ACTIVITY: In the data below, locate the line containing "TERRAZZO BRICKC SERIES PB22-TRZ06" and the line containing "Compact Fast Paced Ice Hockey Tabletop Game", then retype both and everything between them exactly. Pictures are not part of the copy.

INFORMATION SUPPLIED:
<<<<

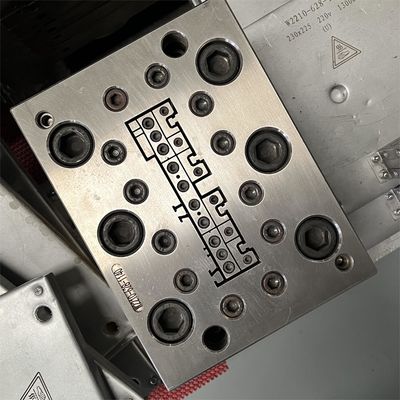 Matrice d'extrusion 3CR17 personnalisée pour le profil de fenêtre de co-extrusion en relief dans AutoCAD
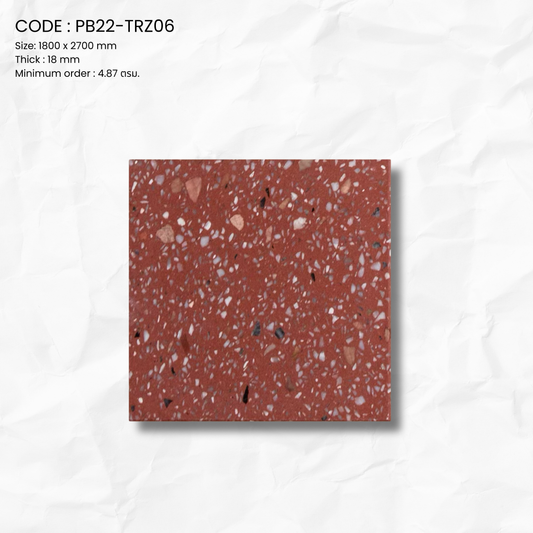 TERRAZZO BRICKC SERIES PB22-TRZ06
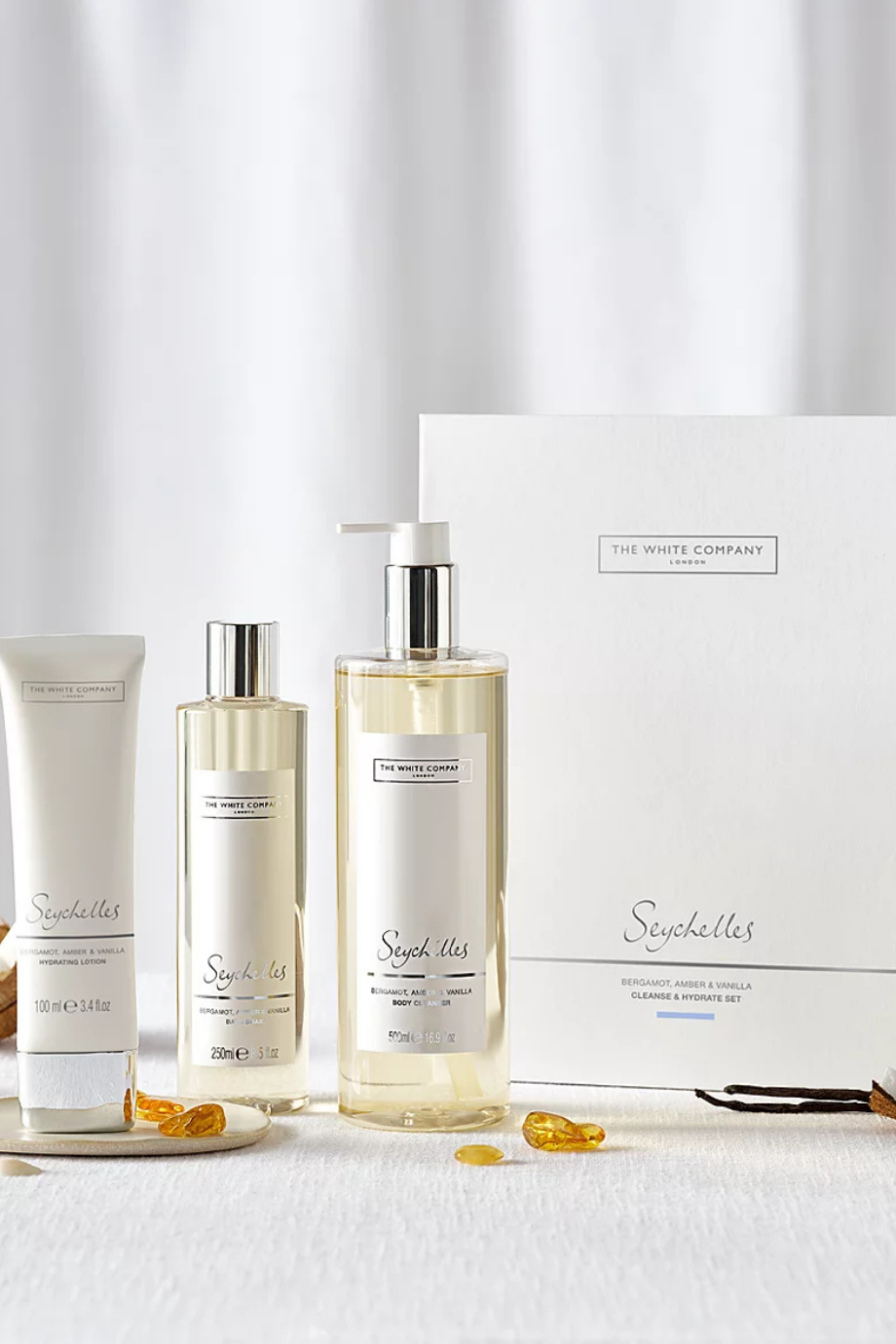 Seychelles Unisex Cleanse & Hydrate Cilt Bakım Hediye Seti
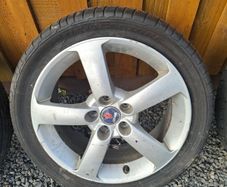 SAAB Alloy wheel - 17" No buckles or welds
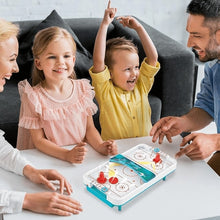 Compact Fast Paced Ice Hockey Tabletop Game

>>>>
<<<<

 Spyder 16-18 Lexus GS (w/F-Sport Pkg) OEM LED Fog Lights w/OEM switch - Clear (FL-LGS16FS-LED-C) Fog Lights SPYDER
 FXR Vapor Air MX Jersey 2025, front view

>>>>

WRITTEN ANSWER:
 TERRAZZO BRICKC SERIES PB22-TRZ06
 Seychelles Unisex Cleanse & Hydrate Cilt Bakım Hediye Seti
 SAAB Alloy wheel - 17" No buckles or welds
 Compact Fast Paced Ice Hockey Tabletop Game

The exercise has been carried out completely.